Method Three (teach it to recognize a dog toilet—mainly two types: one with an iron cage bottom with a “tray” for newspaper or dog pads, and another Japanese-made with clips on four corners to hold dog pads)
(1) Use iron bars to enclose the puppy’s free activity area, not too big, just enough for three purposes: a place for the dog toilet, next to the puppy’s bed, and a walking space no larger than two to three body lengths.
Feed the puppy inside this activity area. The purpose is to let the puppy know that if it relieves itself outside the toilet area (for example, on the bed area when the owner is not home or at night), it will lose the bed or walking space, forcing it to be uncomfortable! When you are home and see the puppy about to relieve in the wrong place, quickly pick it up and place it in the dog toilet.
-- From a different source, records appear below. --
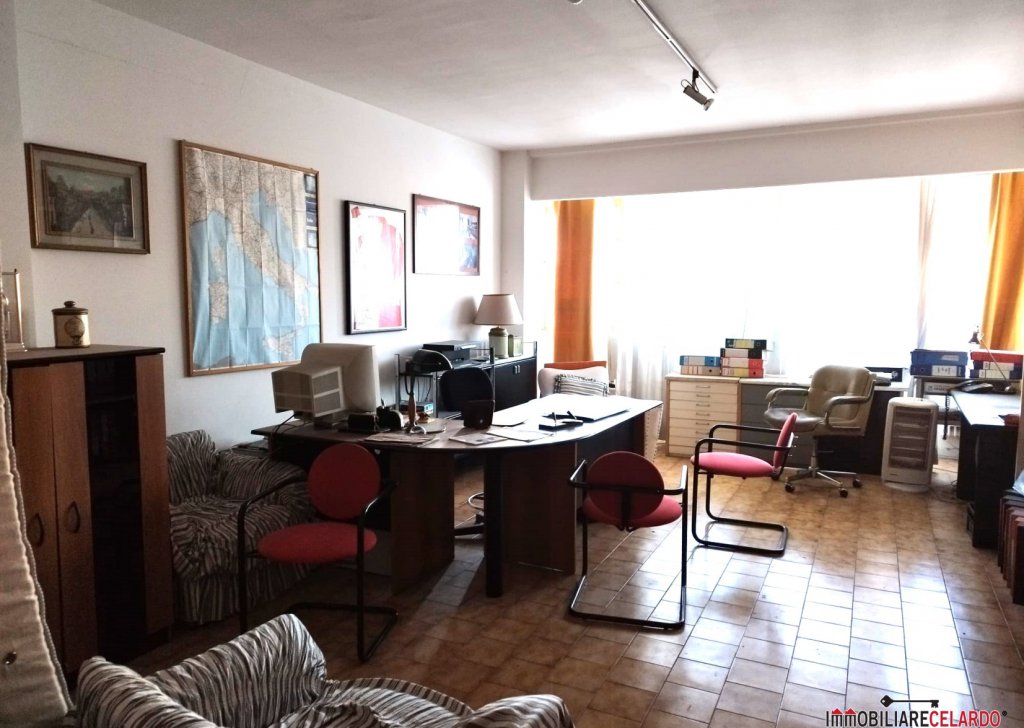 office for sale  35 sqm excellent condition, Colle di Val d'Elsa, locality Colle di val d'elsa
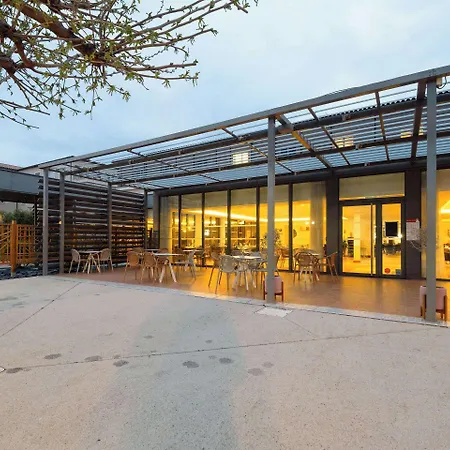 Zenitude La Valadiere, Ascend Collection 4* Juvignac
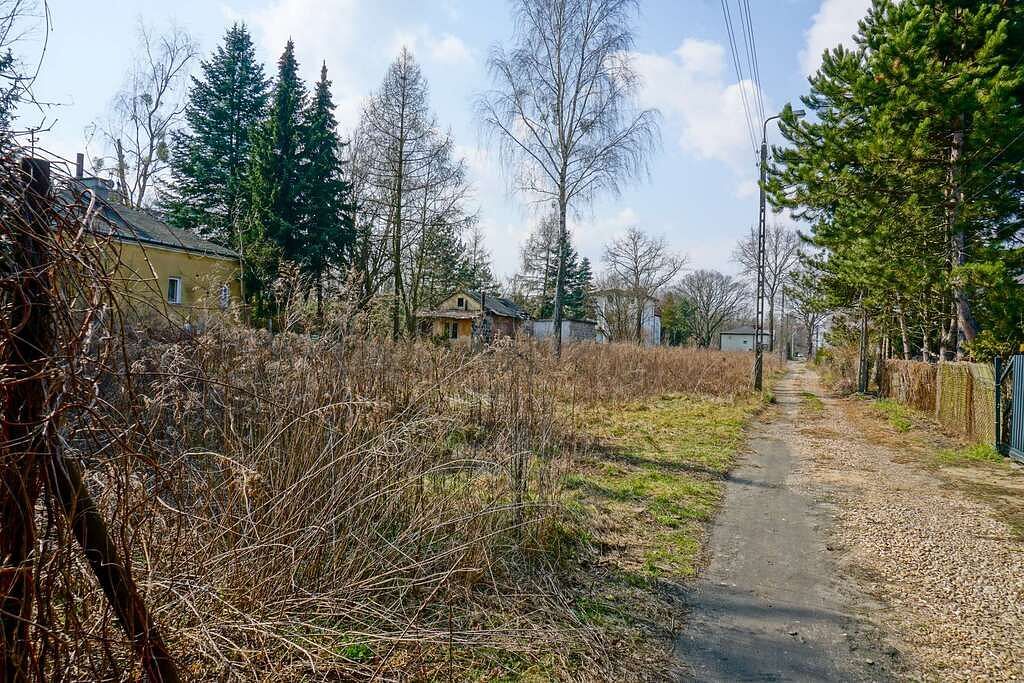 Działka  pokojowe na Sprzedaż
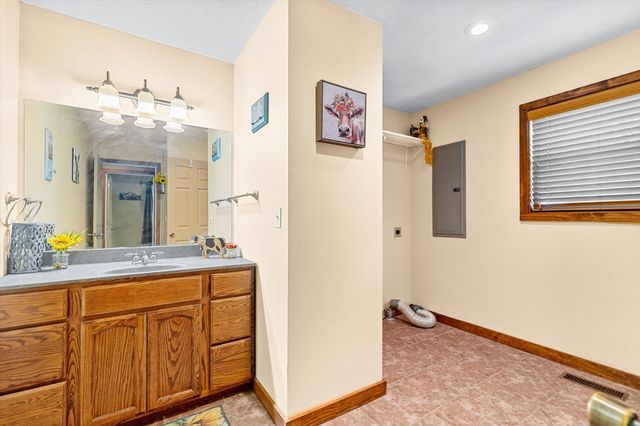 22762 Air Park Drive, Golden, MO 65658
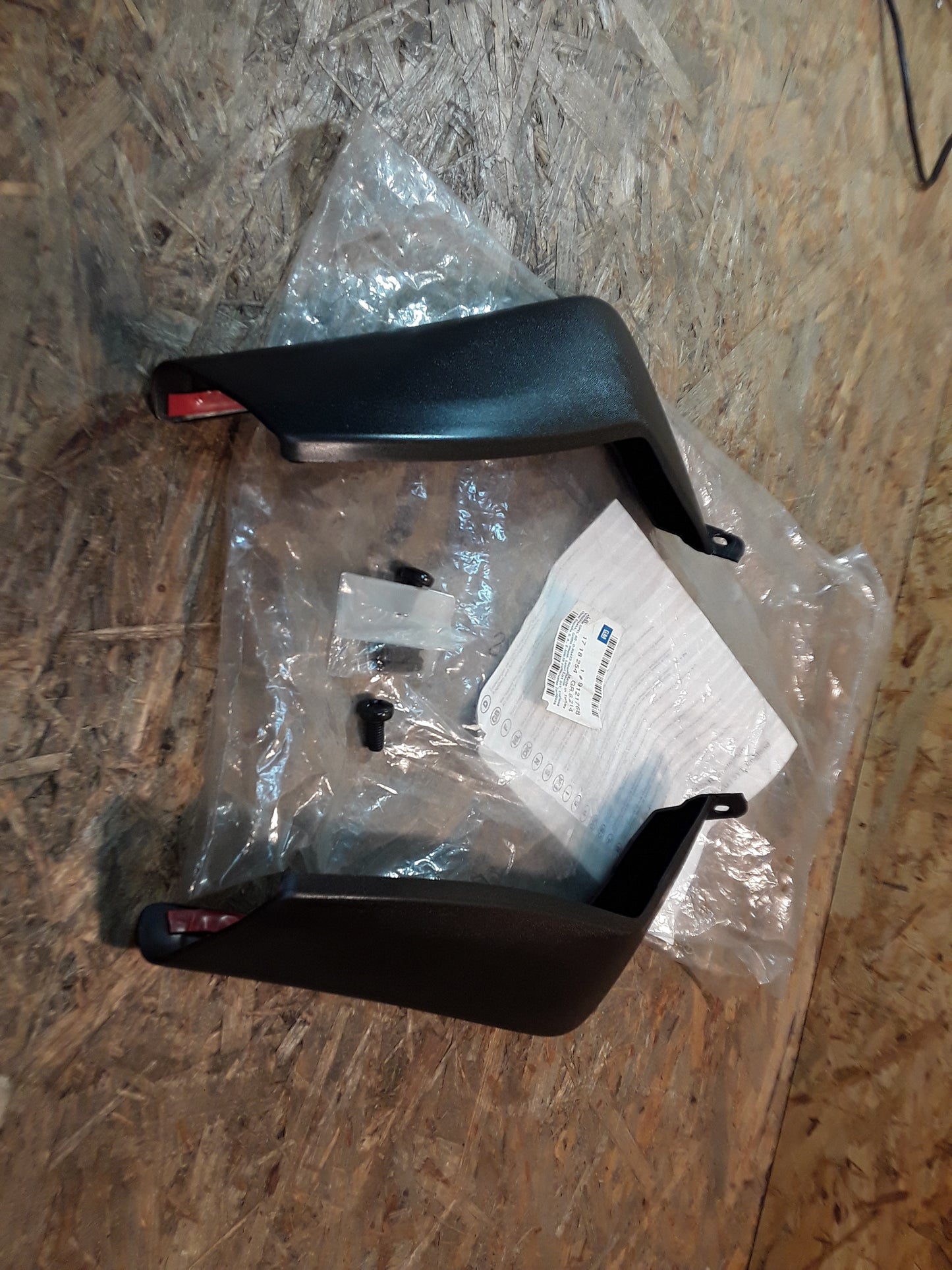 Corsa C Schmutzfänger vorne original GM Opel NEU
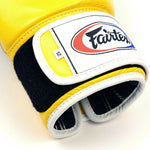 Gants de boxe FAIRTEX (jaune), détail fermeture velcro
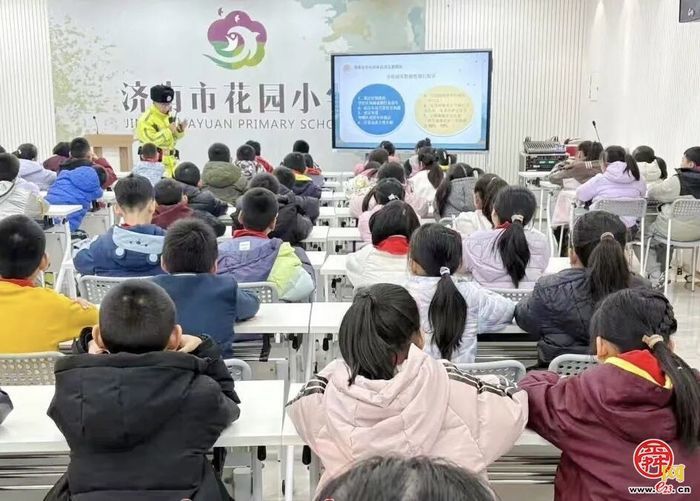 东仓社区：小手拉大手，共筑平安路...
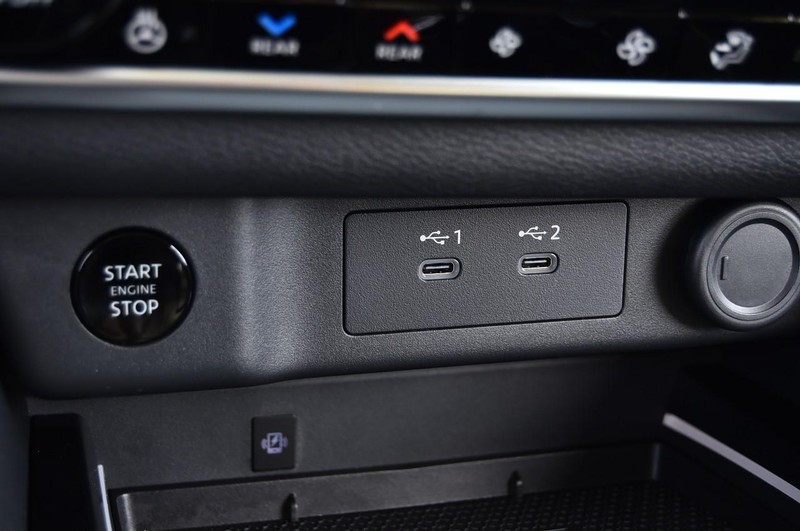 Nissan Rogue Vehicle Image 20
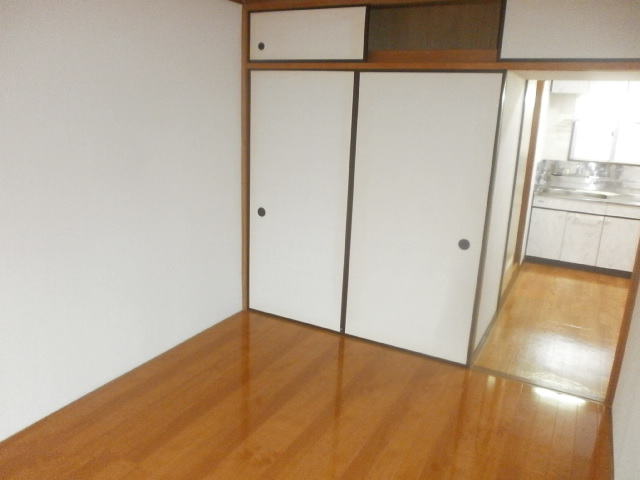 Other room space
If the dog uses the toilet, immediately pick it out of the enclosure and exaggerate praise, give it toys or play with it, and let it walk outside the enclosure. After one or two times, it learns that using the toilet means rewards!
(2) The benefit of this method is that the puppy has a more flexible activity space during the day than in a cage! And even if you move the dog toilet later, since the puppy recognizes the dog toilet, it will still go to the new location (of course, you have to tell it where the toilet moved to first)!
Finally, emphasize again: When the dog uses the wrong toilet, don’t harshly scold or hit it, because it will then avoid relieving in front of you, making training even harder! Many puppies know where the correct toilet is but sometimes get angry and mess around. To prevent returning from work to a house full of “landmines,” don’t give it the chance to cause damage and address the root cause:
(1) Insufficient playtime—always reserve time to play with it before bedtime or before going out. When it’s tired it won’t have the energy to cause destruction!
(2) Insufficient activity space—usually small home environments cause this, so take the puppy outside more to places where it can run around!